メタボは、高血圧や糖尿病などの生活習慣病の前段階である「未病状態」だ。健康診断などで診断基準に照らしてメタボと診断されると医師らから生活習慣の改善指導が行われる。これまで、メタボは食べ過ぎや運動不足などが主な要因と考えられてきたが、最近では砂糖の取り過ぎが主要因の1つであることが判明。世界保健機関(WHO)は1日の砂糖の摂取量を摂取エネルギー総量の5%未満にするよう指針を出している。

名古屋大学大学院生命農学研究科の小田裕昭准教授らの研究グループは、ラットの実験で、砂糖の取り過ぎによる脂質代謝異常のメカニズムを遺伝子レベルの分析を含めて詳しく調べた。その結果、砂糖を取り過ぎると、一日の中で休息期と活動期で異なるリズムを示す脂質合成の振幅が増大し、脂質合成が促進されることが分かった。この作用は砂糖を構成する果糖によるものであることも突き止めたという。

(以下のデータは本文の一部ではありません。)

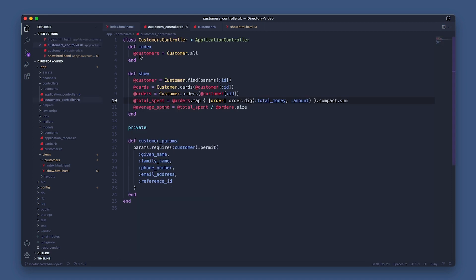So let's open the index method in the customers controller to see how we set these variables. I created a custom method called all in the customer module because we're not looking at a normal Rails app with a local database here.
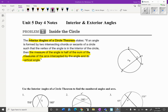Today we're going to talk about interior and exterior angles. First we're going to look at inside the circle. The interior angles of a circle theorem states: if an angle is formed by two intersecting chords or secants of a circle such that the vertex of the angle is on the interior of the circle, then the measure of the angle is half the sum of the measures of the arcs intercepted by the angle and its vertical angle.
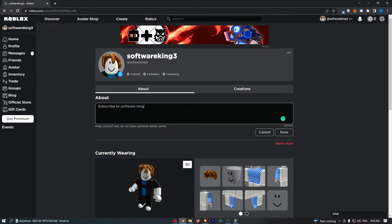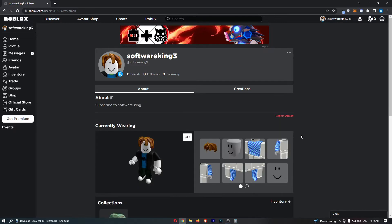...which is what you guys should definitely do, we can then go ahead and click save. And just like that guys, that is how you can change your about me on Roblox.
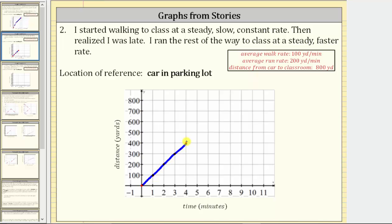After six minutes, I would be 800 yards from the car and reach the classroom. This piece of the graph represents me running the rest of the way.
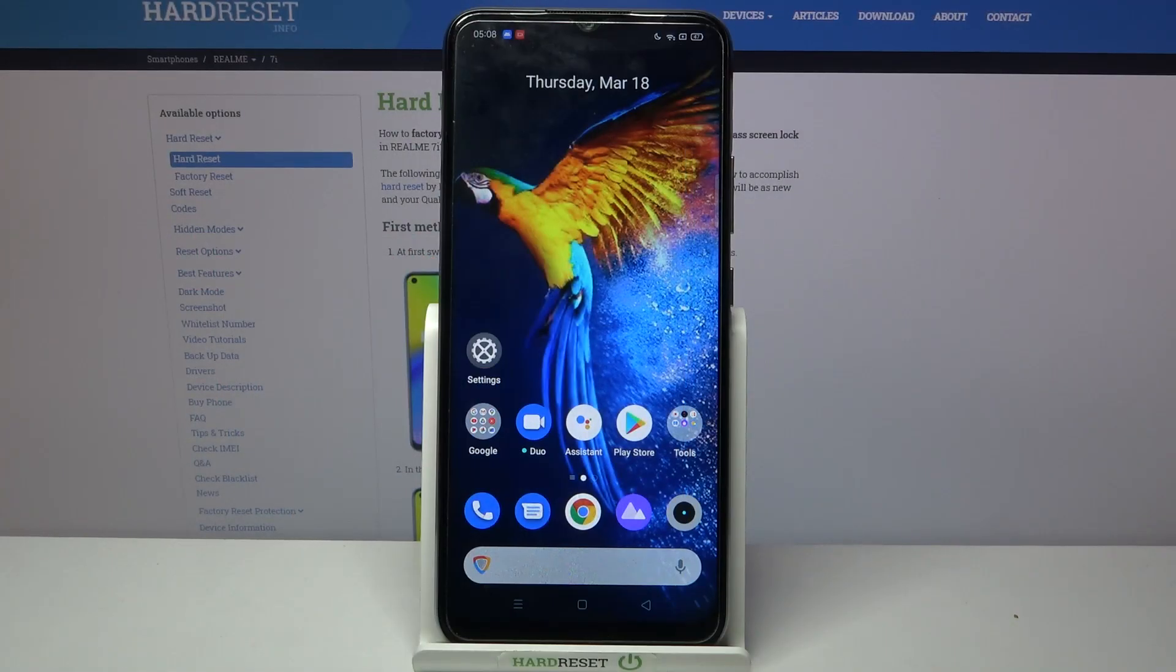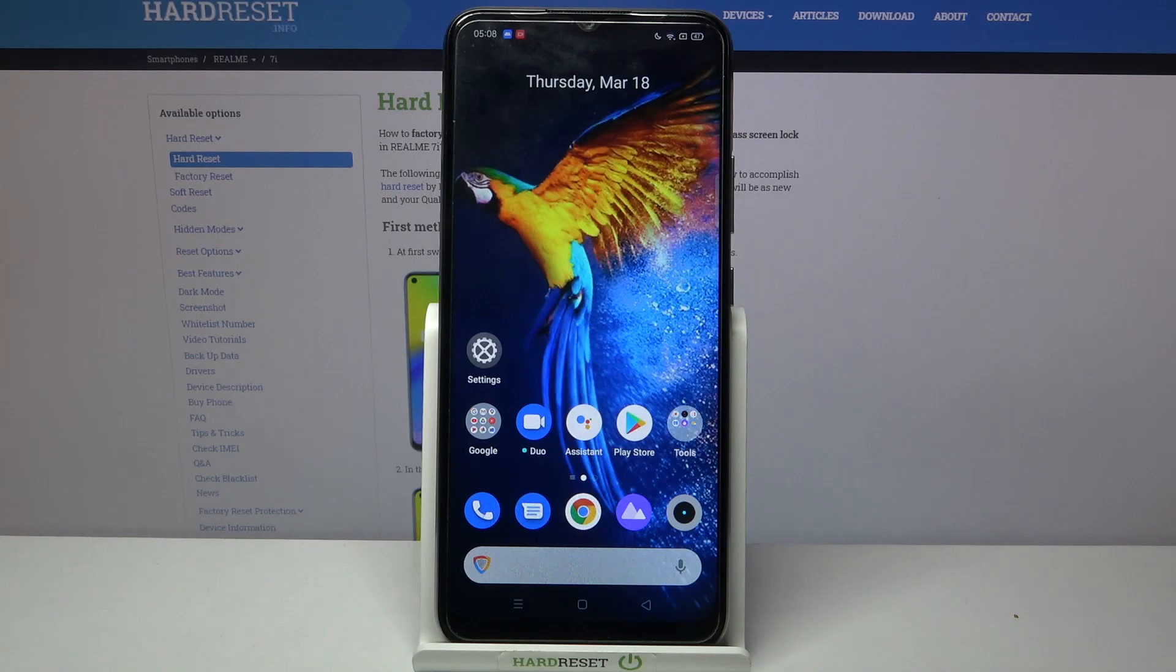Hi, in front of me is Realme 7i and today I would like to show you how you can connect this device through Bluetooth.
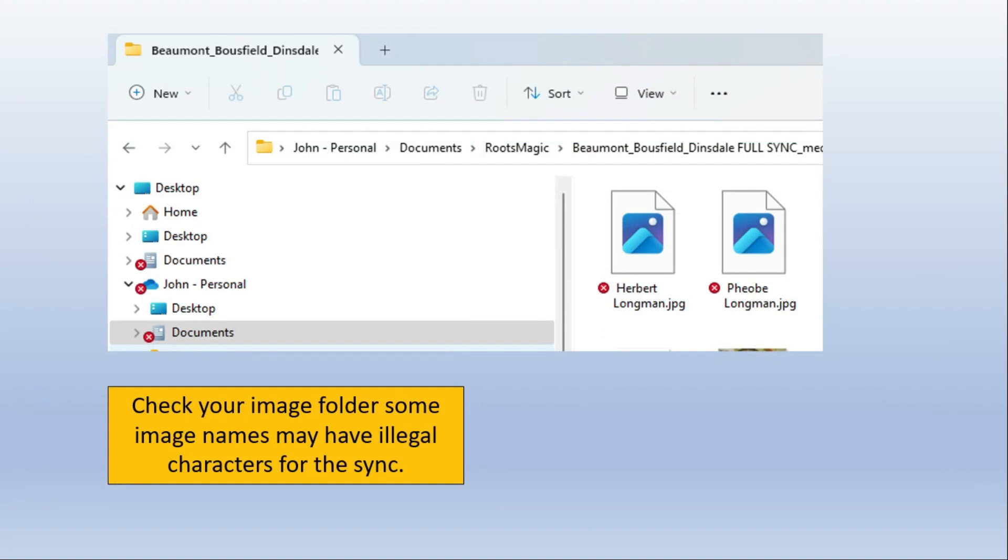You may also be wondering seeing some red boxes or red squares against documents when you've downloaded the images. This is if you've got some special characters in the name of your image that you've loaded up to Ancestry. And in the case of RootsMagic, out of the three and a half thousand that I transferred down from Ancestry, there was only two. So what I would have to do is actually I'd have to go back into Ancestry and make sure the names didn't contain any special characters.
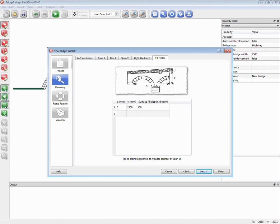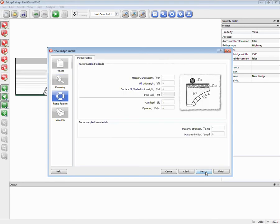Moving on to definition of the surface fill — you can enter as many points as you like. If you have good survey data with an undulating road surface, you can enter all those details. You can also define the presence of highway road base and sub-base, providing different load dispersion properties for that material as opposed to the main backfill surrounding the arch barrels. Then there's a dialogue for partial factors — depending on the assessment or design code, you can apply partial factors to materials and loading, or set these as unity and look for a global factor at the end.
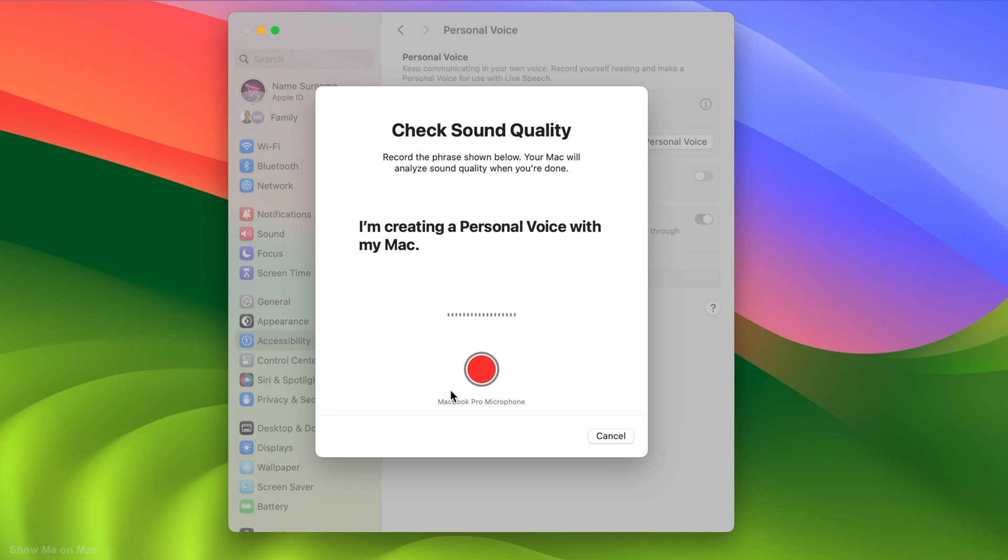Now click the red record button for a recording test to check the sound quality. I am creating a personal voice with my Mac.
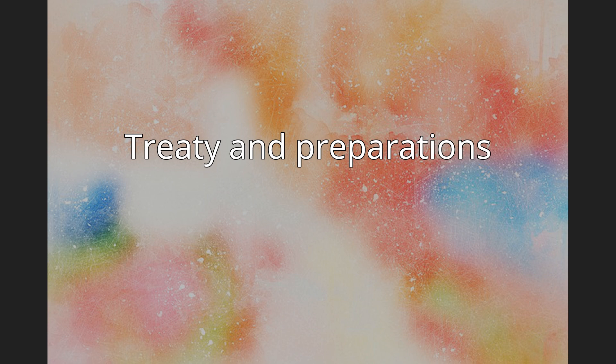Ramon Berenguer and his wife Douce borrowed 100 morabetins from Ramon Guillem, the bishop of Barcelona, to finance the expedition.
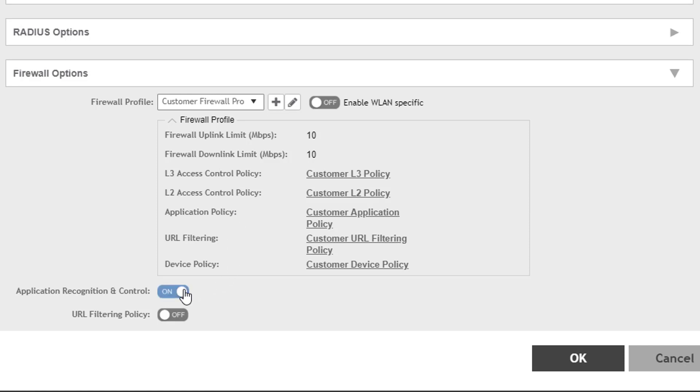Likewise, if your firewall profile includes a URL filtering policy, the URL filtering toggle switch must be set to On. We have both policy types, so both toggles must be set to On.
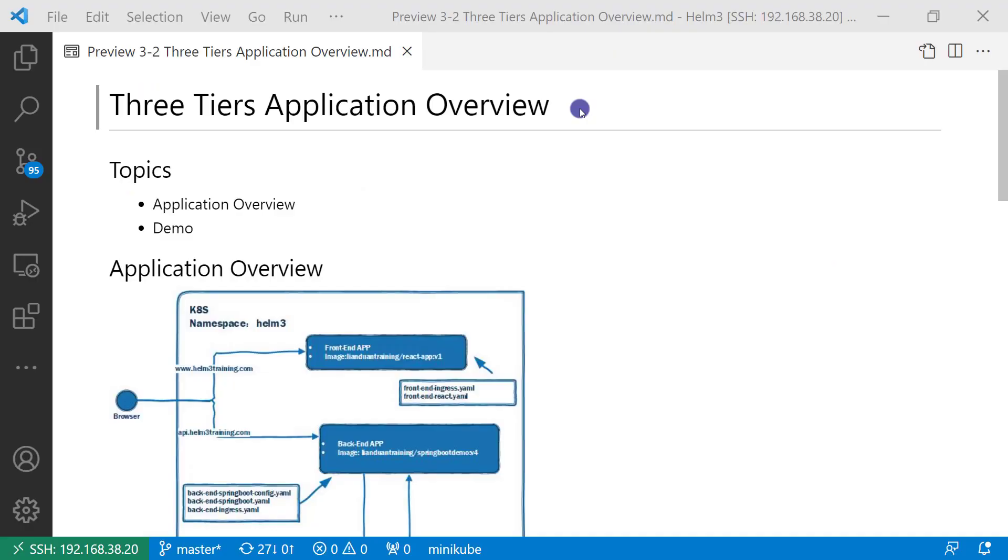Hi everyone, I'm Lian Duan. Today we are going to overview a three-tier application.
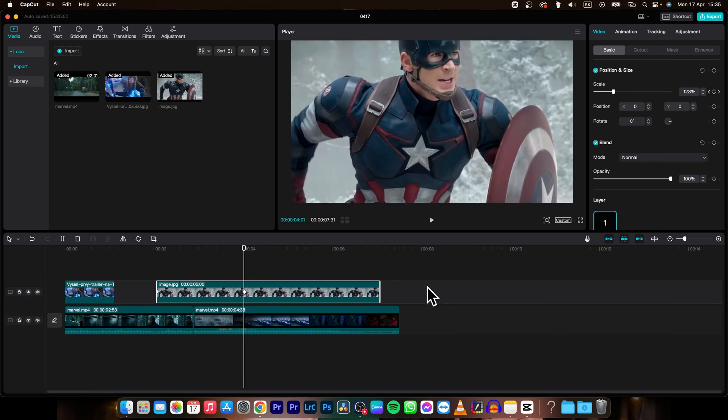So it is really that simple to add photos to your CapCut project. Thank you guys for watching. If this was helpful to you, consider subscribing and liking this video, and I will see you in the next one. Bye!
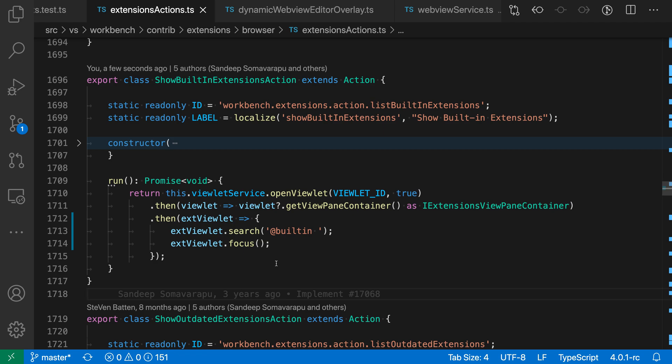VS Code's built-in JavaScript and TypeScript support includes a quick fix for converting promise chaining to instead use async and await.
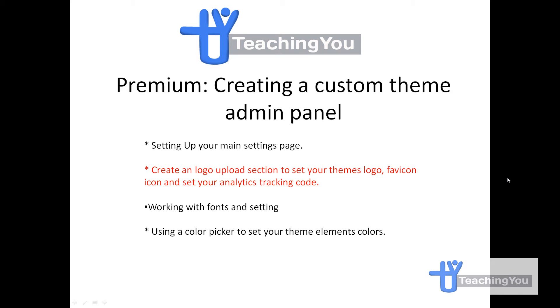Hi guys and welcome back to the second part of creating a custom theme admin panel. Today I'm going to show you how to create an upload section for your favicon and your logo, and then a little text area where you can save your analytics code.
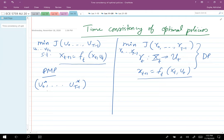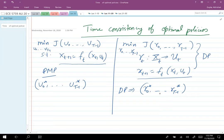PMP gives you open-loop control. Dynamic programming will give you the optimal closed-loop strategies or optimal closed-loop control policies that you need to pick in order to control the system.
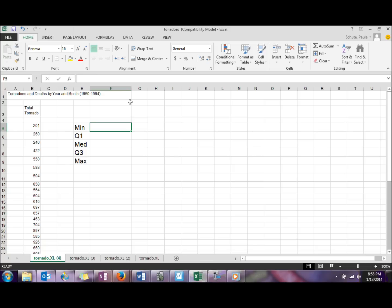In this video, we're going to do a demonstration of creating a boxplot in Excel. Before we can start with the boxplot, we have to have the five-number summary, so we're going to use some Excel formulas to calculate those.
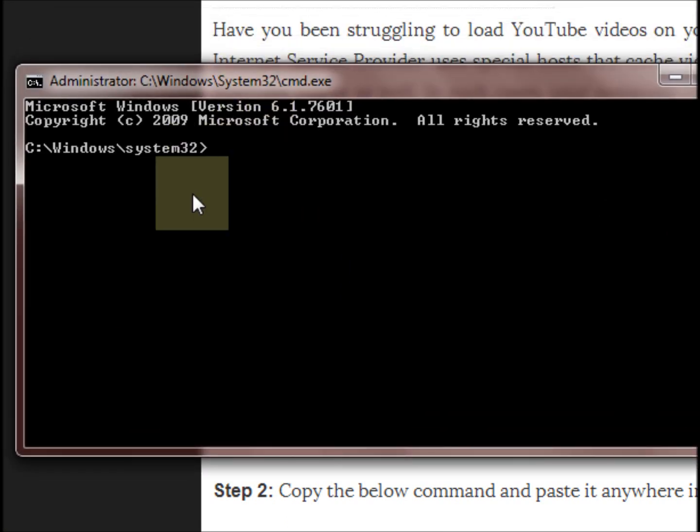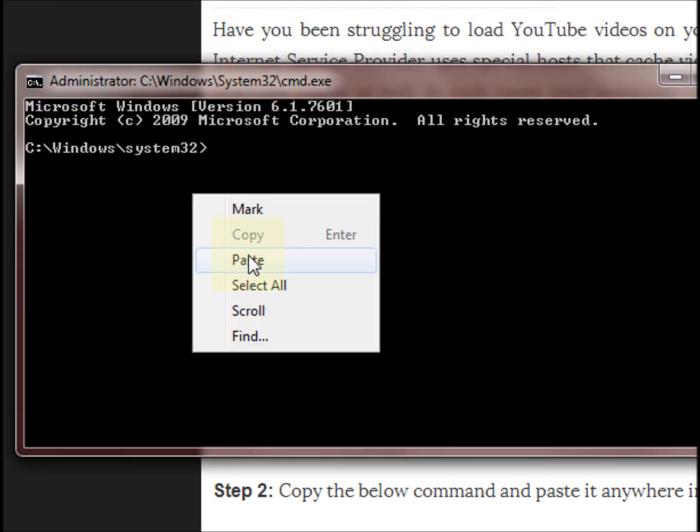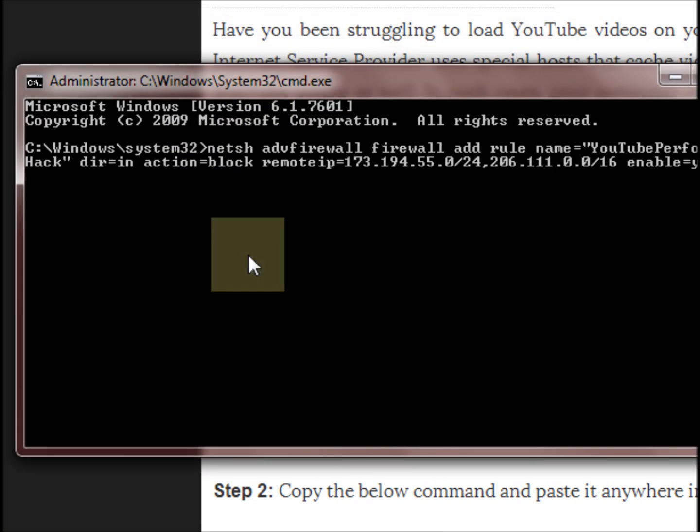Now you have to type the below command. Note that this command will be adding a firewall rule which you can remove later. You can copy this command from the TechLimps website as well.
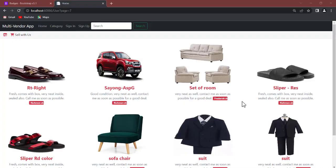Hello everyone, welcome back to NetClub channel. In this video we are going to talk about how to design a multi-vendor marketing website. A multi-vendor marketing website is a place where you can allow people to sell on your platform — you create a platform, allow people to sign up an account, log in, and post their items into your website.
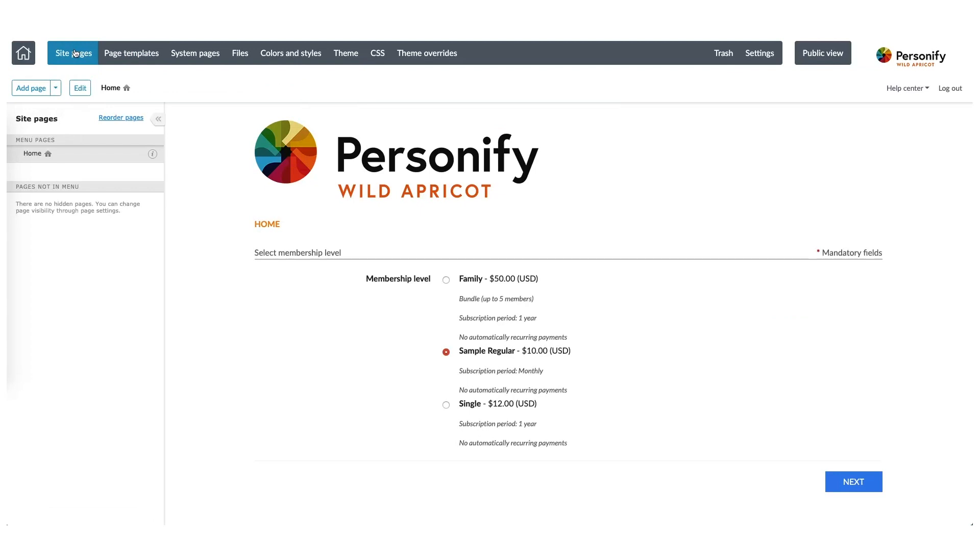Well, you can see that the Membership Application Gadget and the new banner that we added are both appearing on our homepage. Going forward, each time we create a site page, we won't have to worry about adding that banner or the menu bar because they exist on the page template.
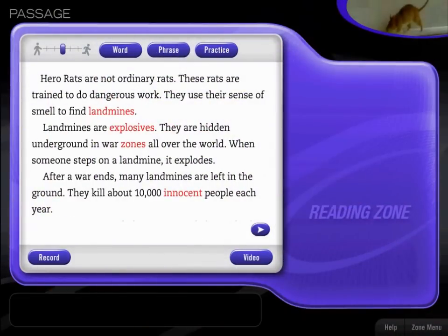Check out the highlighted power words. You can click or double-click on them. When you're ready, click the word, phrase, practice or record button and read the passage again.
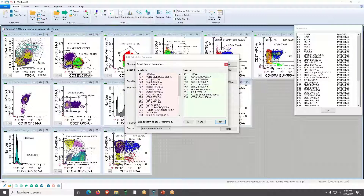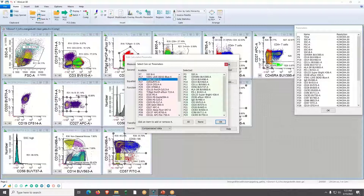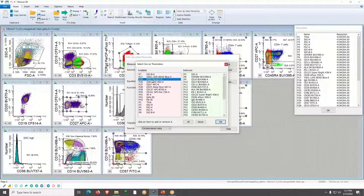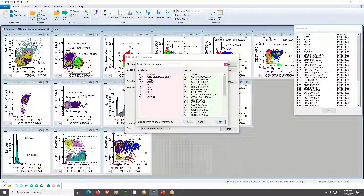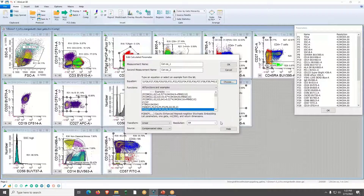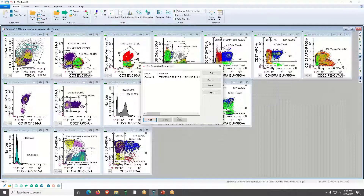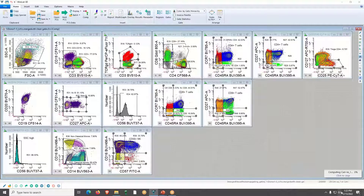I'll skip the live/dead parameter since I've already used that. I'll work through each measurement — skipping the ones I don't need — and click OK. I leave everything else as-is and click OK. Right away in the lower right you'll see WinList computing SENSEI and giving you a status report on how complete it is.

脂質合成が過度に促進されると肝臓や血中に中性脂肪がたまる。肝臓に中性脂肪が過分に蓄積すると脂肪肝になる。この脂肪肝が進行すると非アルコール性の脂肪性肝炎になり、さらに進行すると肝硬変などに移行する可能性が指摘されている。

小田准教授らは「デザートは別腹と言うように甘味には特別な魅力がある。砂糖の取り過ぎがなぜメタボの原因になるか、今回その一端が明らかになったことでメタボの予防に役立つと期待される」としている。

小田准教授らの研究グループは、砂糖を取るにしても活動時間帯に限った方が肝臓や血中の脂肪量が抑えられる、とする研究成果を昨年8月に発表している。